Yup, waiting to hear back.

One thing i've been wondering. Where is the scheduler.json? In the docs it suggests that creating a client should create a ~/scheduler.json in the /home/$USER/scheduler.json location. I never seem to find such a file. The reason I was wondering is that when I set death_timeout to a long duration, I can go through the process to create the juypter lab notebook. I can ssh tunnel just fine, but it doesn't sync up to that client. But I can't quite seem to find any file.

(pangeo) [b.weinstein@c21b-s18 .dask]$ cd ~
(pangeo) [b.weinstein@c21b-s18 ~]$ ls
dask-jobqueue  dask-worker-space  DeepForest  logs  miniconda3

@mrocklin
Copy link
Member

mrocklin commented Mar 23, 2018 via email

@jhamman
Copy link
Member

jhamman commented Mar 23, 2018

@bw4sz -

Where is the scheduler.json? In the docs it suggests that creating a client should create a ~/scheduler.json in the /home/$USER/scheduler.json location. I never seem to find such a file.

  • we don't utilize the scheduler.json file in dask-jobqueue. Which docs were you looking at?

Since dask is working through a MPI connection

  • MPI is not being used here. Each worker is started a seperate process and connects to the scheduler via TCP Address.
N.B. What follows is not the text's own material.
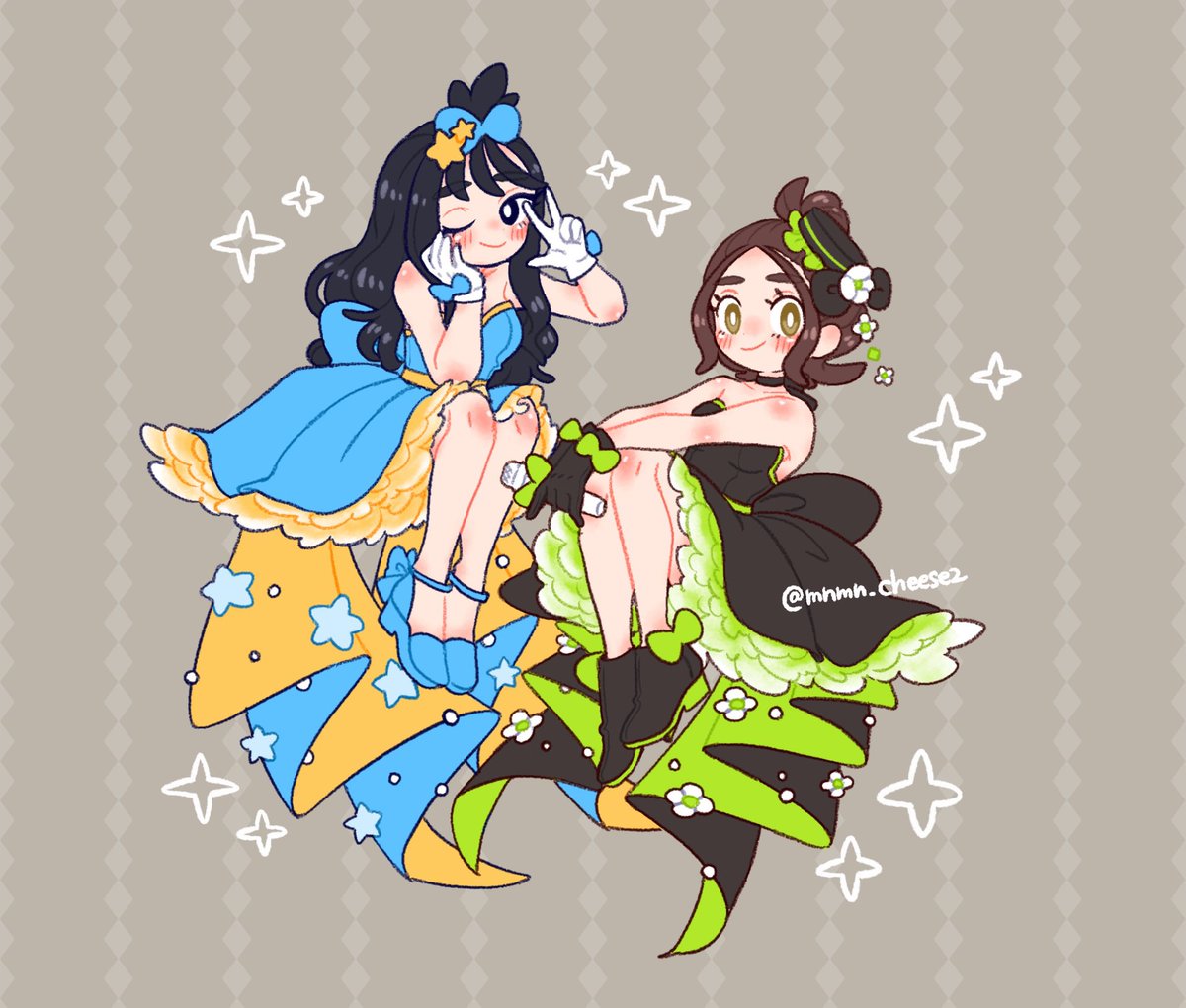 mnmn_cheese2's tweet photo. 🏷️2026年自分が選ぶ今年上半期の4枚
特に楽しく描いたやつ！ https://t.co/A5oXQHN9Vv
  • can you try this workflow and see if you can get workers to connect:

    • open two interactive sessions on two different compute nodes on your cluster
    • on the first, run dask-scheduler from the command line
    • on the second, run dask-worker ${SCHEDULER} from the command line, ${SCHEDULER} is a tcp address printed the by the dask-scheduler command (e.g. tcp://192.168.0.102:8786).
    • report back on whether this is sucessful
    • if that does work, can you, in a third session start a client with that same address (e.g. Client('tcp://192.168.0.102:8786')
    • (basically, I'm not entirely convinced your cluster is configured in such a way as to allow this sort of communication)

@bw4sz
Copy link
Author

bw4sz commented Mar 23, 2018

thanks @jhamman,

I should say that i'm not tied to this repo, whatever I can do to get dask up and running on the UF slurm cluster. We have enormous computing resources here, and my lab has been itching to try dask for some time now. I took on the challenge because, as you can see from the 30 comments, I enjoy debugging. Perhaps i'm mixing and matching docs a bit, going from @mrocklin screencast on connecting to HPC, to this repo, as was originally suggested. I will try your workflow and let you know. After that, let me go back to the original video.

@bw4sz
Copy link
Author

bw4sz commented Mar 23, 2018

That worked without error. Easiest to see by screenshot.
screen shot 2018-03-23 at 12 26 05 pm

@bw4sz
Copy link
Author

bw4sz commented Mar 23, 2018

Its alittle awkward because srun on this resource sends you to a single interactive worker, but I think this all checks out. Again, I want to stress that if not using dask_jobqueue is helpful, just give me a push in the direction of what to use. It was not clear to me that it was not using MPI, but a totally different network strategy.

@jhamman
Copy link
Member

jhamman commented Mar 23, 2018

Okay, glad to see that works. That is test 0. dask-jobqueue just manages the setup/teardown of those steps. So this should work.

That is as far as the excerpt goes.